Friday, 28 November 2025

The Evolution of Buttons

 

But not the sort that keep your cardigan together.

I had a mild panic attack today when a big orange square appeared on my dashboard as I was driving home from work:
It turns out Radio 2 have changed their logo-image thingy on DAB Radio.

I usually listen to Johnny Vaughan on Radio X or Simon Mayo on Greatest Hits when I'm driving home.  But I switch between them when adverts come on and today they had adverts on at the same time so I happened to switch to Radio 2 and up came that big orange square.

Now for some reason, that got me thinking about warning lights and dashboards.
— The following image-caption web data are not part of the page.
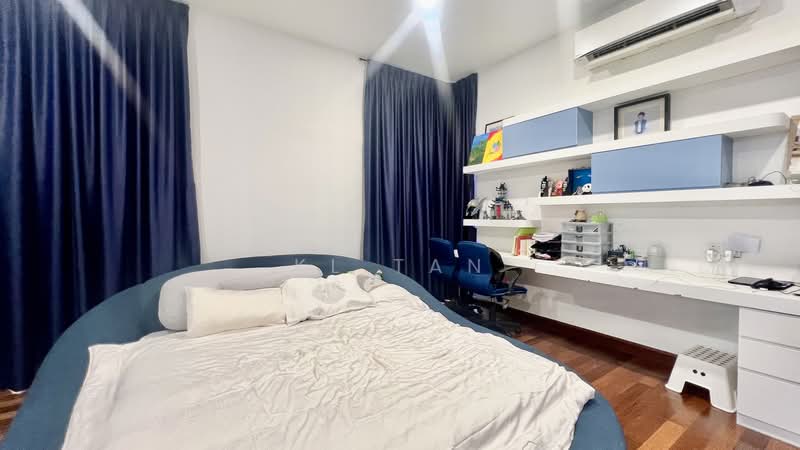 Rumah Banglo untuk Dijual di Horizon Hills (Iskandar Puteri (Nusajaya)) - KL Tan - PropertyGuru.com.my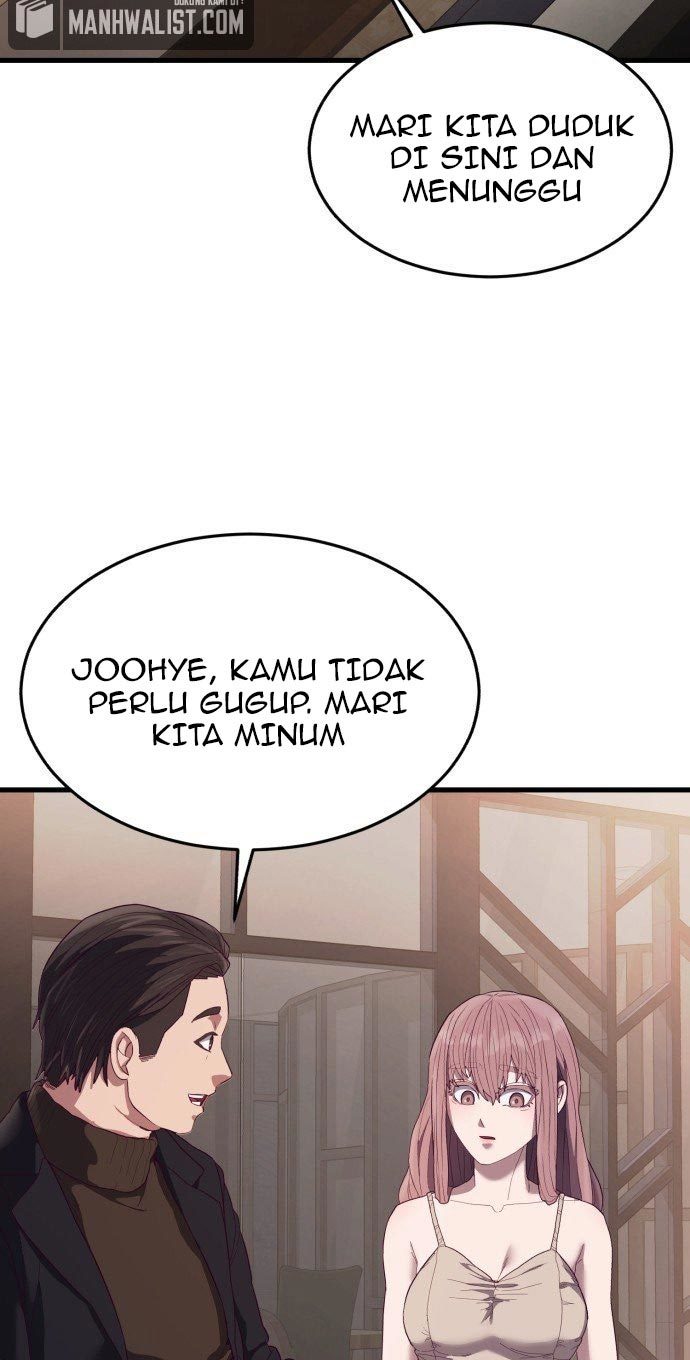 Absolute Obedience Bab 22 halaman 30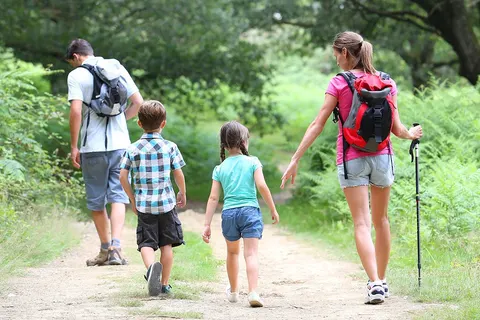 Camping Le Martinet foto 9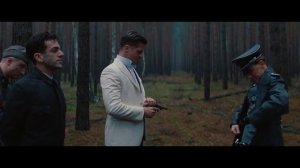 Dz3 Бесславные ублюдки ReSoundDesign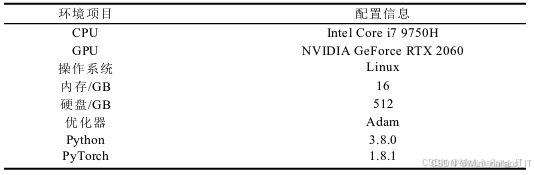 基于机器学习的中草药识别算法系统 中草药植物叶片数据集 卷积神经网络 算法 目标检测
My first car had the Triumph "All Systems Go" warning light cluster - I loved it.
Never managed to light up all 8 segments at the same time though.
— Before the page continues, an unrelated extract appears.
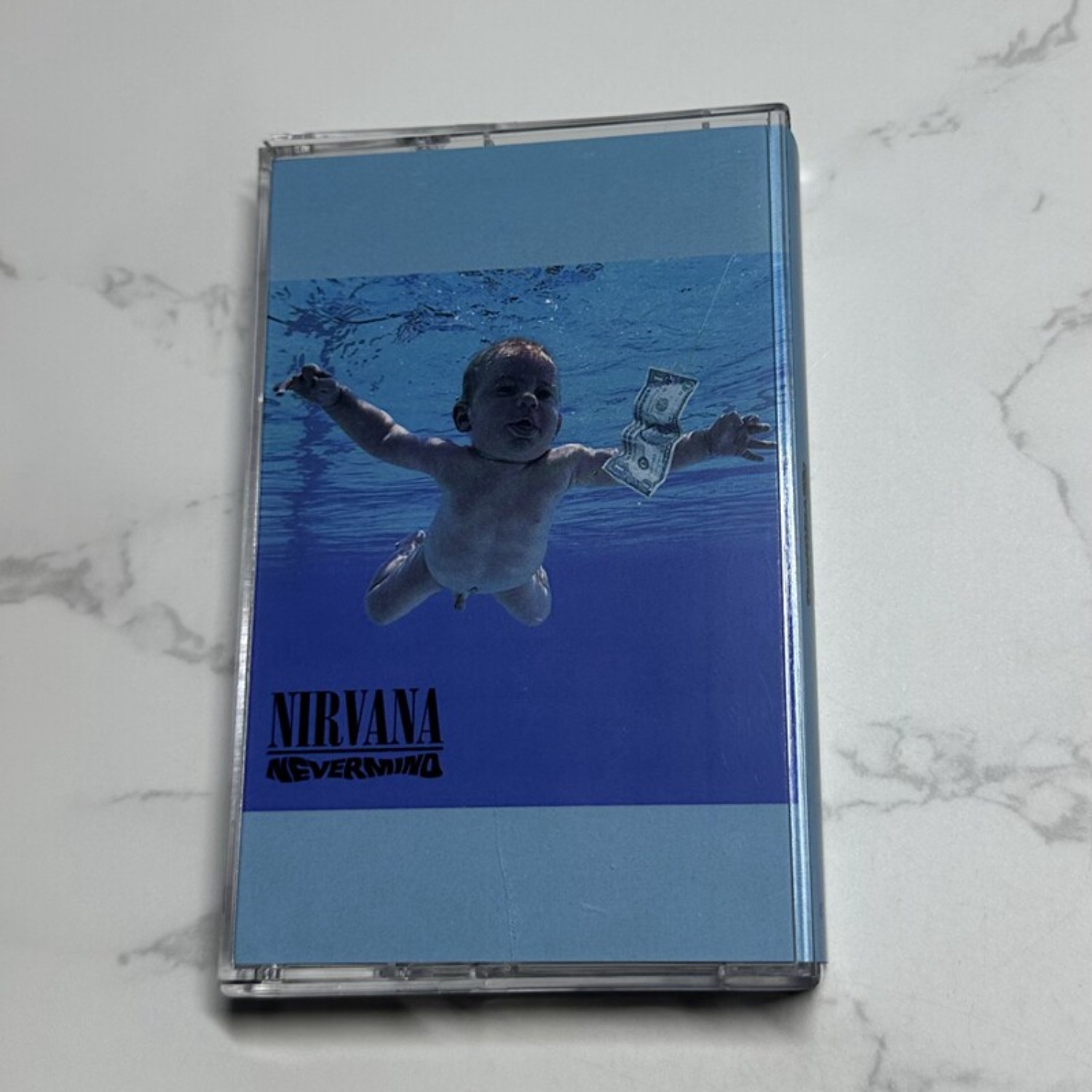 Nirvana Complete Album Collect – Home Decor Collection recenzja i cena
The original dashboards had nothing on them - they were the boards at the front of carts that were pulled by horses - they were meant to protect the driver from mud and other unpleasantries thrown up by the horses hooves when travelling off-road.
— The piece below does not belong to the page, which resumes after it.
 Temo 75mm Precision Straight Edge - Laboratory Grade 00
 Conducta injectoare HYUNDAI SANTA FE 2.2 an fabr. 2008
The name stuck when the first motor cars appeared - logical given that most looked like "horseless carriages."

Eventually, as cars became cars, the dashboards were used to house instruments and controls for new fangled additions such as windscreen wipers - and, as anyone who subscribes to idriveaclassic on YouTube will know, pull switches were very popular for many years right up to the 1960s:
...and beyond for things like the hazard warning lights on my Triumph.

These were eventually replaced by toggle switches:
Then it was the turn of my favourite - the rocker switch!
These prevailed in the 1970s when I was becoming fascinated by cars.  You could could buy them in Halfords and Motorworld to add accessories (usually fog lamps) to your Vauxhall Victor or Ford Escort.

By the '90s - buttons had taken over:
In quite a big way in some cars - My Jaguar X-Type had buttons to operate a phone I didn't have.

I like buttons - not as much as I like rocker switches - but they are tactile and necessary when you need to control lots of things like heated seats and electric windows and climate control.

But, as even more complicated things (like Apps!) are becoming part of motoring, touchscreens are taking over from buttons.  VW famously took them too far and had to reinstate some - it was getting dangerous having to look away from the road to do basic things like put the air on re-circ.

I sometime use the voice commands on my car but I have found myself arguing with it a few times too and voice control is also no use to people with Scottish accents.

My car has a mixture of real buttons and touchscreen which is about as far from the horse and cart dashboard as you can get.

Imagine having to put up with a boring dashboard.